北朝鮮における連絡事務所開設や、休戦状態にある朝鮮戦争の終戦宣言などを用意していたとみられる米国だが、「われわれの求めに対し、金委員長の準備ができていなかった」(ポンペオ米国務長官)。
その約10時間後の3月1日午前0時、北朝鮮の李容浩(リヨンホ)外相らが、極めてまれな記者会見をハノイで行い、トランプ大統領に反論した。
「要求したのは全面的な制裁解除ではない。一部だった」
会見によると、北朝鮮は、核実験や大陸間弾道ミサイル(ICBM)発射の永久停止に加え、寧辺(ヨンビョン)の核施設の完全放棄などを提案した。見返りに求めた経済制裁の解除は人民生活などにかかわる一部だけだったという。準備ができていなかったのは米国だとし、今後の交渉に対する金委員長の意欲が失われる懸念さえも表明した。
食い違う両国の主張だが、明らかに言えるのは、首脳会談が失敗に終わったことだ。出たとこ勝負の首脳会談で、事前の調整不足は否めない。それでも合意寸前まで行き、いきなり席を立ったトランプ大統領にとって、とても外交交渉に集中できない、ゆゆしき事態が、不在中の母国で起きていた。

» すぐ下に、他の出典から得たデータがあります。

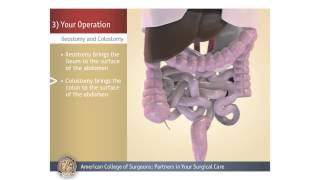 ColostomyIleostomy Your Operation [upl. by Ellerahc]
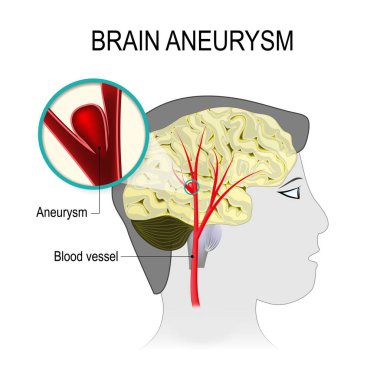 Blood vessels in the brain with aneurysm clipart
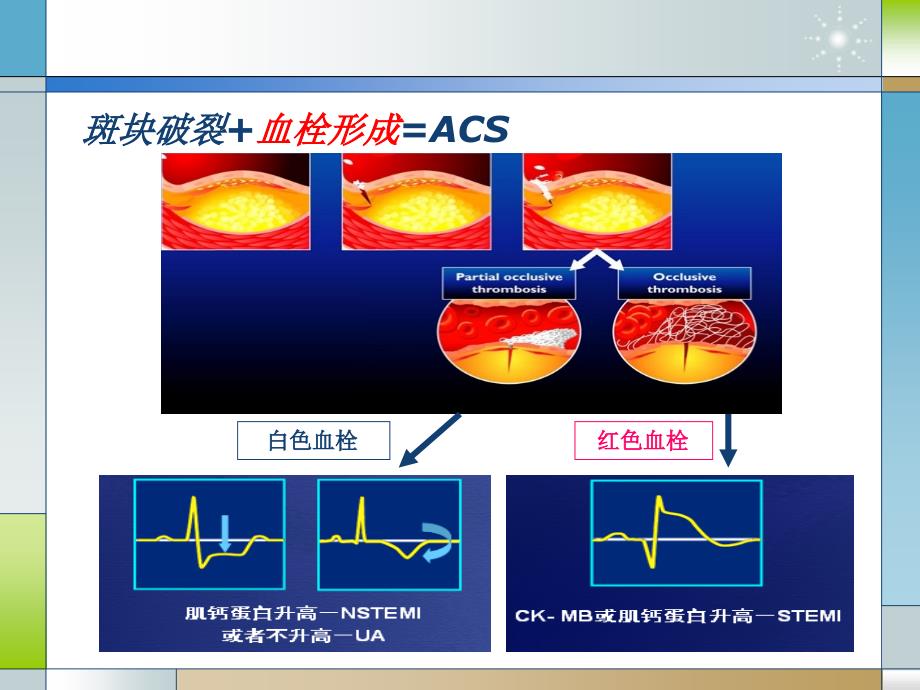 STEMI的再灌注策略_第3页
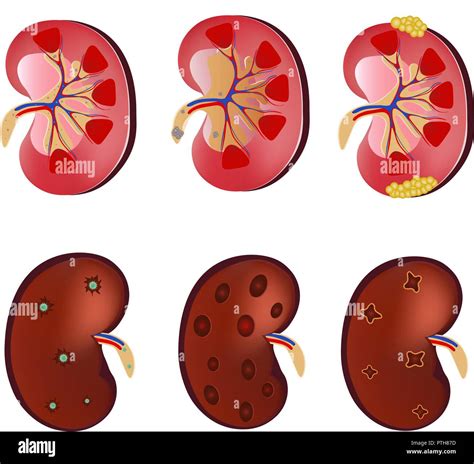 3d Realistic Anatomy Vector Set Kidney Normal Kidney Kidney Infection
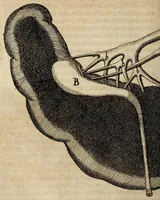 An illustration from Miscellanea Curiosa, sive Ephemiridum Medico-Physicarum Germanicarum Academiae Naturae Curiosorum (1700)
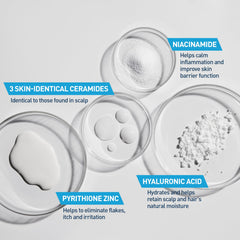 CeraVe before and after scalp showing reduced flakes benefit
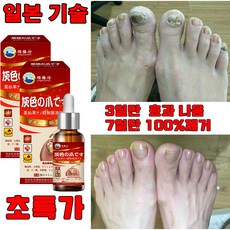 일본 1+1/2+2 손톱 발톱 무좀 영양제 앰플 발톱 관리 케어 손톱발톱 강화제 네일 강화 선물 랜덤 증정, 1개, 30ml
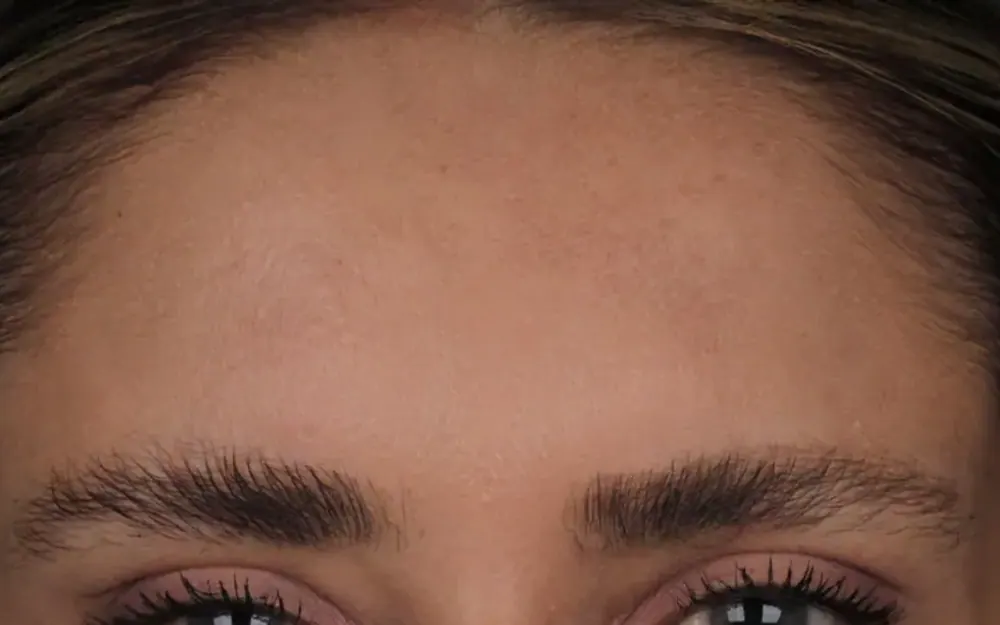 Glabela: depois do tratamento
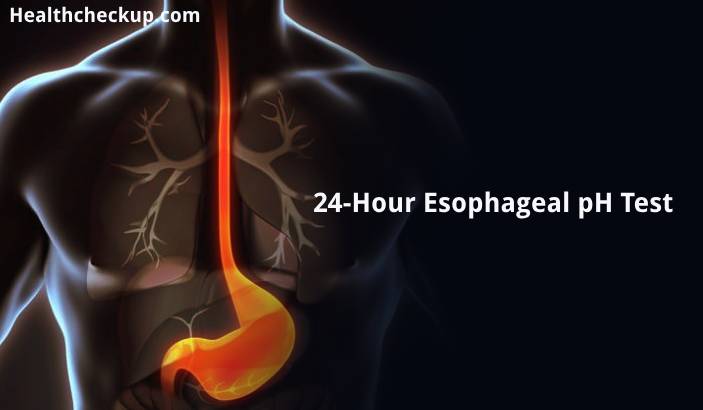 Esophageal pH Test - Purpose, Preparation, Procedure, Results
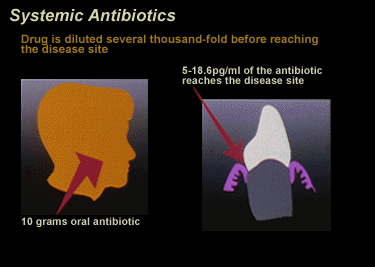 Systemic Antibiotic Diagram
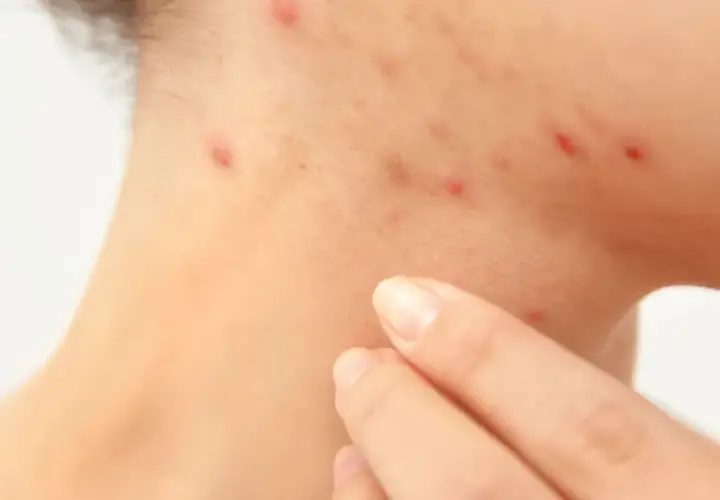 Haut mit Rötungen und Pickelchen, die auf Stress und damit verbundene Cortisol-Akne hindeuten. Eine Hand berührt sanft die betroffene Stelle.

「トランプ氏は、人種差別主義者で、詐欺師で、ペテン師だ」
2006年から10年以上にわたりトランプ氏の顧問弁護士を務めたマイケル・コーエン被告が2月27日、米議会下院の公聴会で、全米にテレビ中継される中、トランプ大統領の人間性や「悪行」の数々を証言した。コーエン被告は、脱税や議会での偽証、選挙資金法違反などの罪で禁錮3年の実刑判決を受け、5月に収監される。